**WHAT IS EXPECTED:**
With pictures left out, output exactly the lines of the listing below from the line that has "Sebago Portland Waxed" to the line that has "Size 4 Worn", both lines kept.

*** Opening SUPPLIED DATA ***

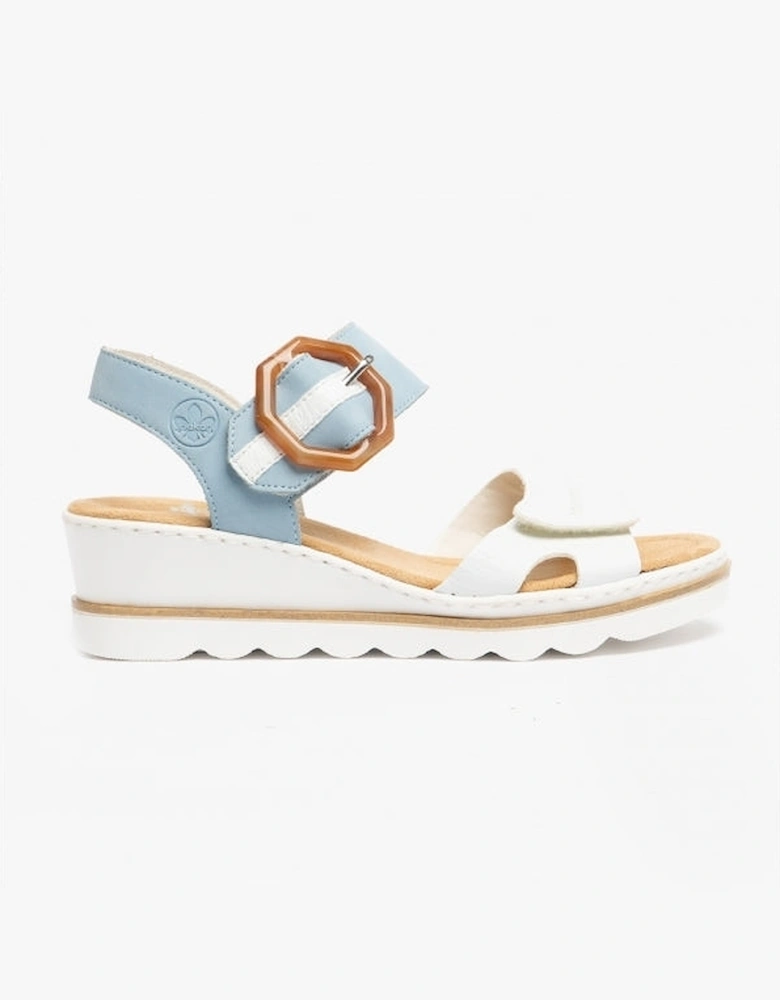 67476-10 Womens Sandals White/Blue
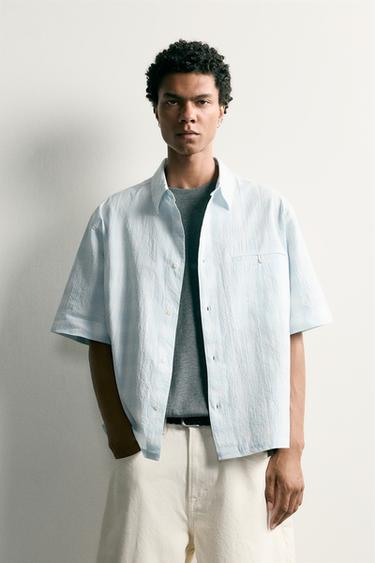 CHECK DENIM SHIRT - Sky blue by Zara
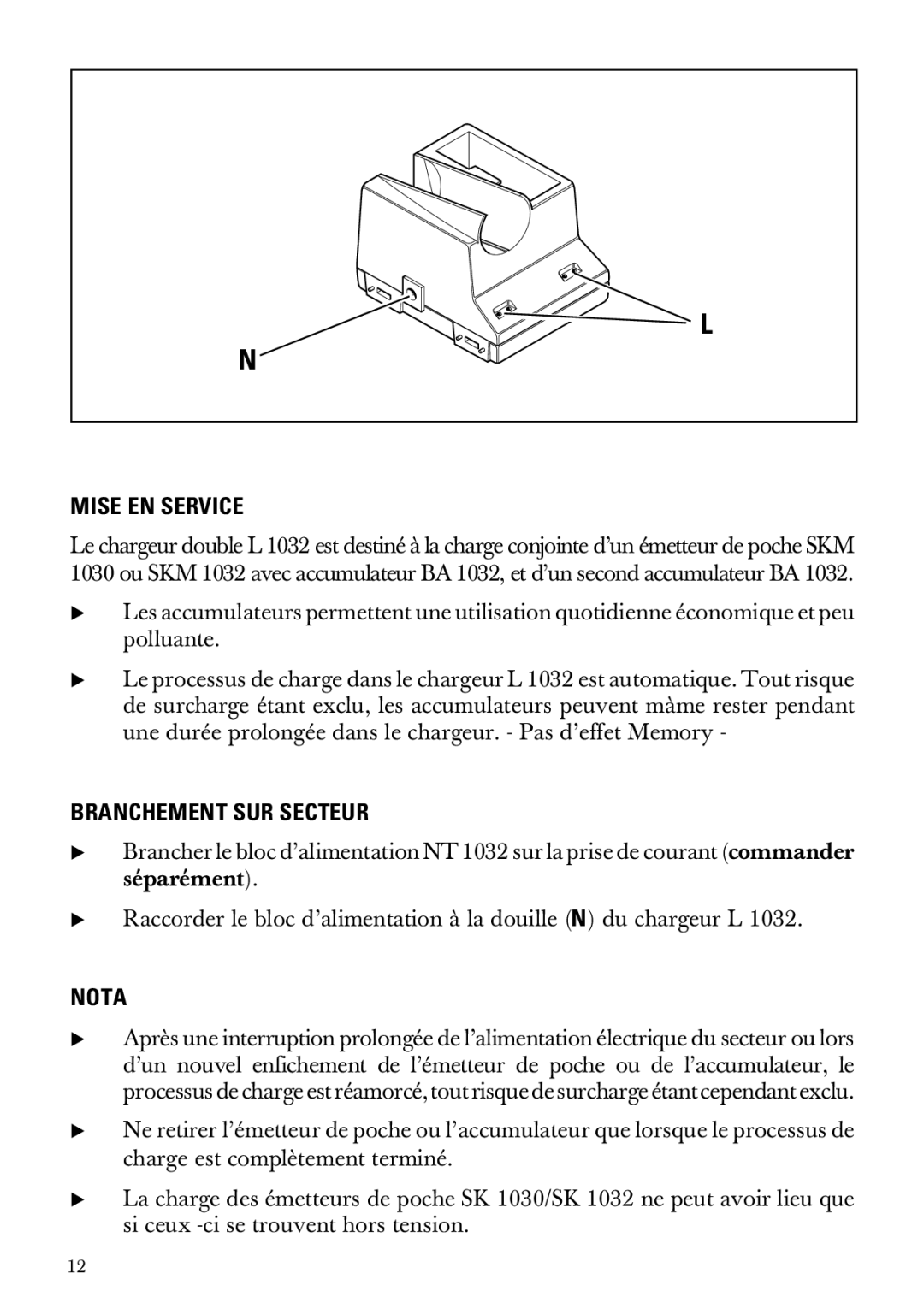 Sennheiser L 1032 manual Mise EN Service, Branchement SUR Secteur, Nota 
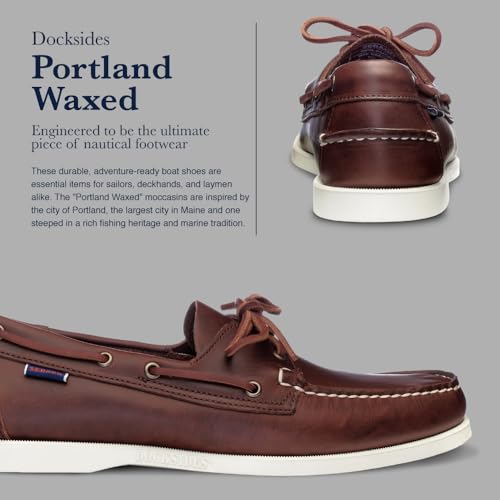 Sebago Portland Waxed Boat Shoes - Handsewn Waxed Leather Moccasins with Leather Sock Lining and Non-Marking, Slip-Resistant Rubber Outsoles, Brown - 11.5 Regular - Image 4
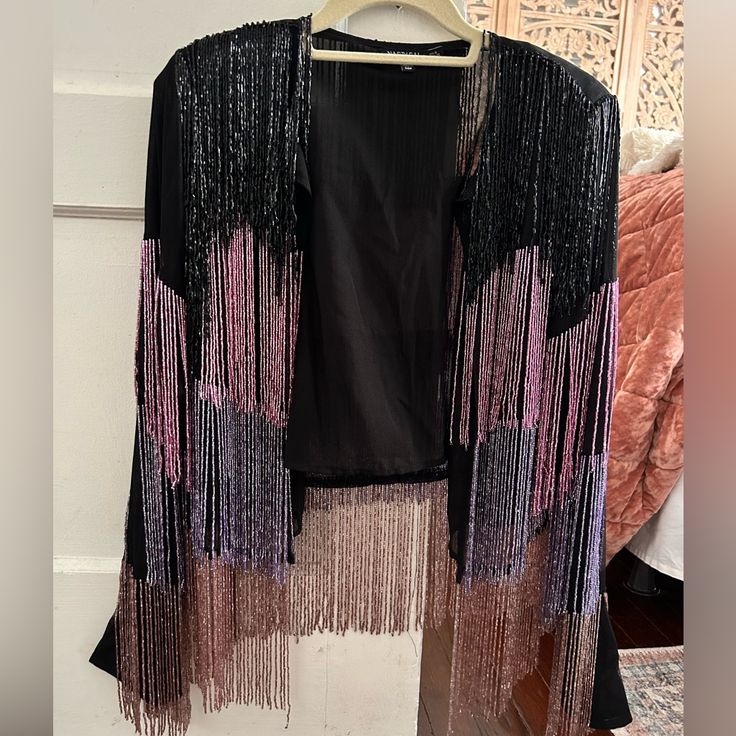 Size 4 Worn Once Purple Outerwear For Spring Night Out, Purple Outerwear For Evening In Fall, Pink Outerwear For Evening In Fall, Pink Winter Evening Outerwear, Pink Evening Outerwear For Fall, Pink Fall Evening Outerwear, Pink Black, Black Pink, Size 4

*** Closing SUPPLIED DATA ***
*** Opening SUPPLIED DATA ***

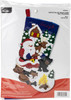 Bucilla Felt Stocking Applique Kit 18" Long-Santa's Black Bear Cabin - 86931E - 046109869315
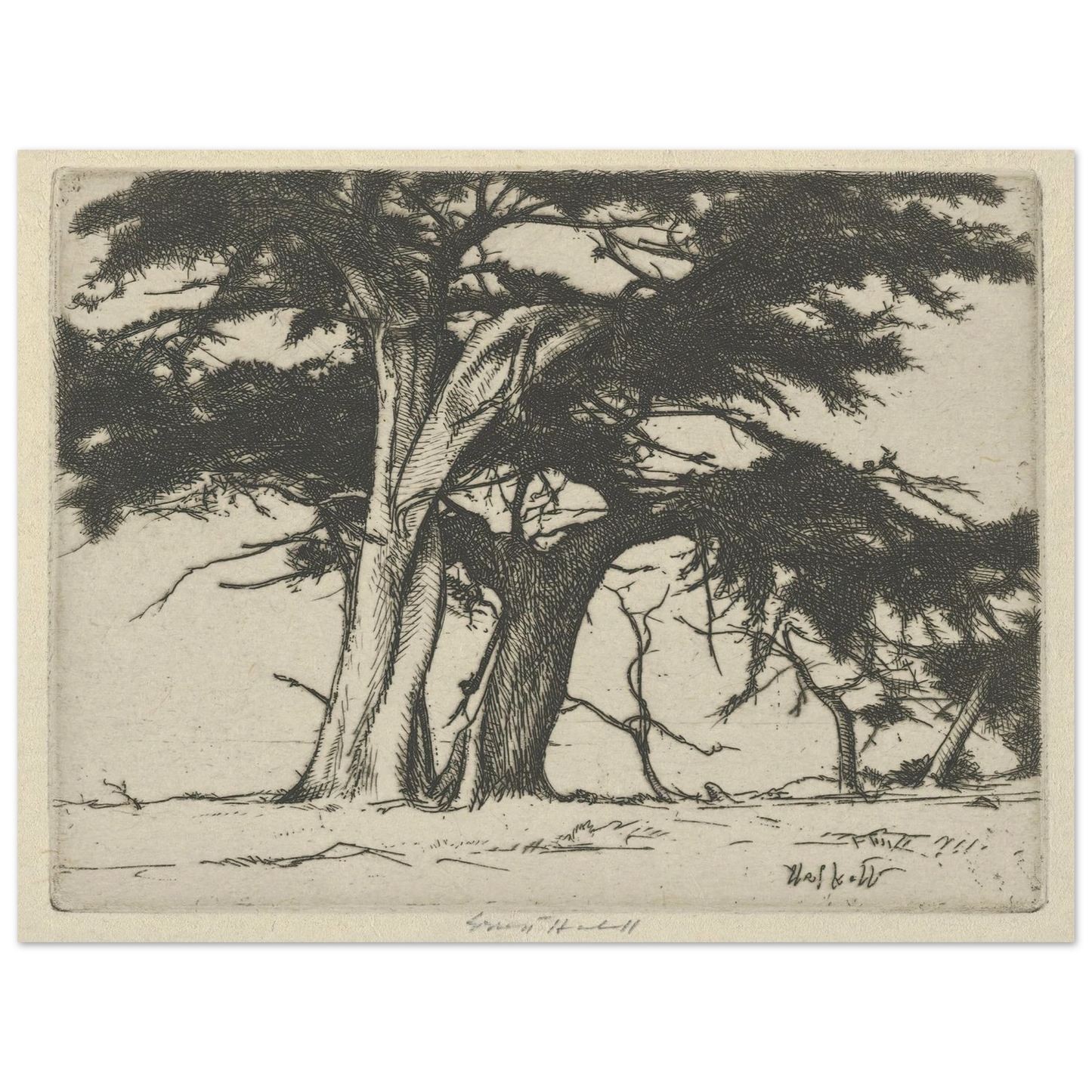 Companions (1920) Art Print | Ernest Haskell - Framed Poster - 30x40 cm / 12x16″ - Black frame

*** Closing SUPPLIED DATA ***

**EXERCISE RESULT:**
 Sebago Portland Waxed Boat Shoes - Handsewn Waxed Leather Moccasins with Leather Sock Lining and Non-Marking, Slip-Resistant Rubber Outsoles, Brown - 11.5 Regular - Image 4
 Size 4 Worn Once Purple Outerwear For Spring Night Out, Purple Outerwear For Evening In Fall, Pink Outerwear For Evening In Fall, Pink Winter Evening Outerwear, Pink Evening Outerwear For Fall, Pink Fall Evening Outerwear, Pink Black, Black Pink, Size 4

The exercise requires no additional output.